This one is extension of Multiple nested request with scrapy
. Asking because presented solution have flaws:
1. It iliminates asynchrony, thus heavily reducing scraping efficiency
2. Should exception appeare while processing links "stack" and no item will be yelded
3. What if there is a huge amount of child items?
To deal with (1) I considered this:
class CatLoader(ItemLoader):
def __int__(self, item=None, selector=None, response=None, parent=None, **context):
super(self.__class__, self).__init__(item, selector, response, parent, **context)

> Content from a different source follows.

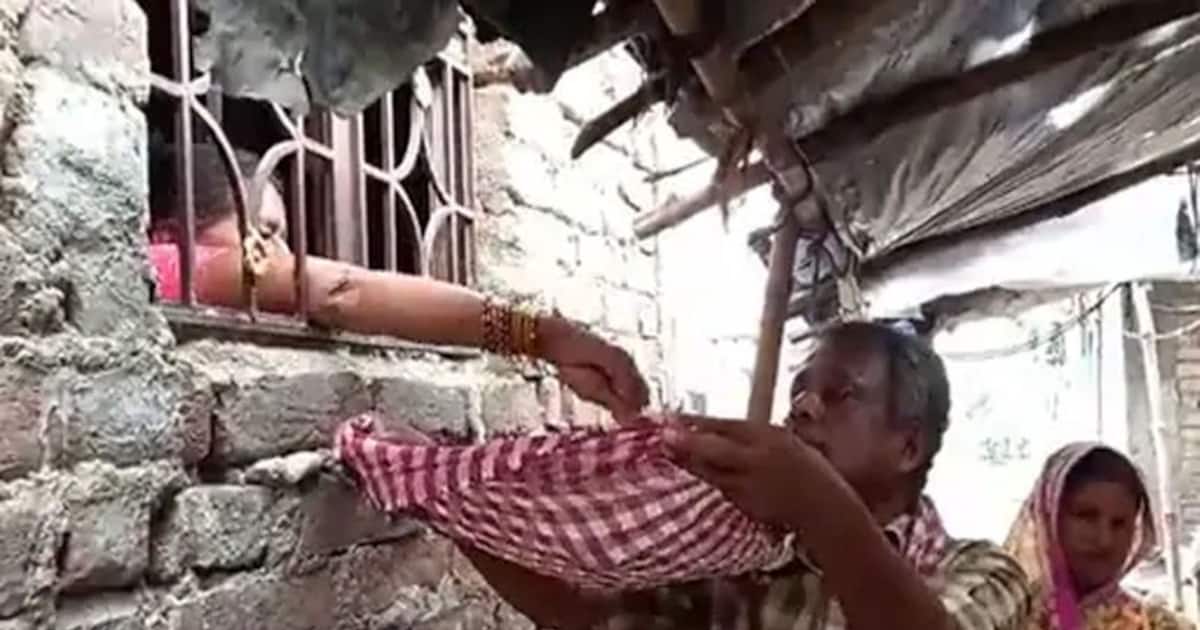 மகனின் உடலை பெற 50,000 ரூபாய் லஞ்சம் கேட்ட ஊழியர்.. பணம் இல்லாததால் வீடு வீடாக சென்று பிச்சை எடுத்த பெற்றோர்.!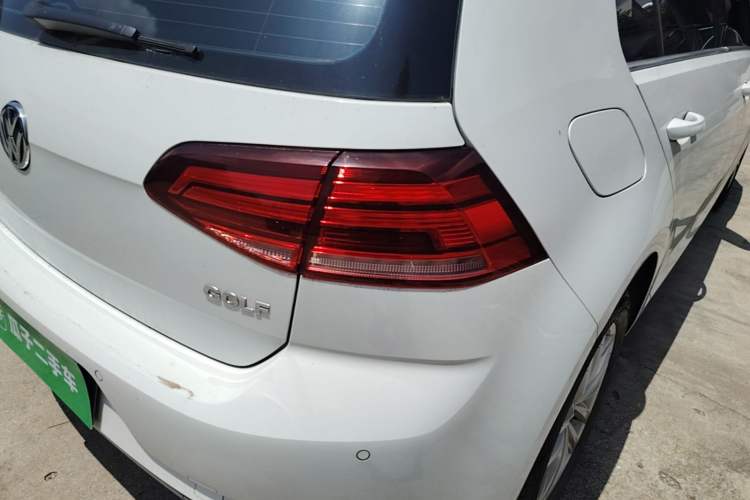 Used Volkswagen Golf 2018 1.6L Automatic Comfort Model Right Rear Taillight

self.lock = threading.Lock()
self.counter = 0
def dec_counter(self):
self.counter += 1
Then in parser:
if len(urls) == 0:
self.logger.warning('Cat without items, url: ' + response.url)
item = cl.load_item()
yield item
cl.counter = len(urls)
for url in urls:
rq = Request(url, self.parse_item)
rq.meta['loader'] = cl
yield rq
And in parse_item()
I can do:
def parse_item(self, response):
l = response.meta['loader']
if l.counter == 0:
yield l.load_item()
BUT! To deal with 2 i neeed in each function do:
def parse_item(self, response):
l = response.meta['loader']
if l.counter == 0:
yield l.load_item()
Which I consider not elegant solution. So could anyone help with better solution? Also I'm up to insert items to DB, rather than json output, so maybe it better to create item with promise and make pipline, that parses children to check if promise is fulfiled(when item is inserted to DB), or something like that?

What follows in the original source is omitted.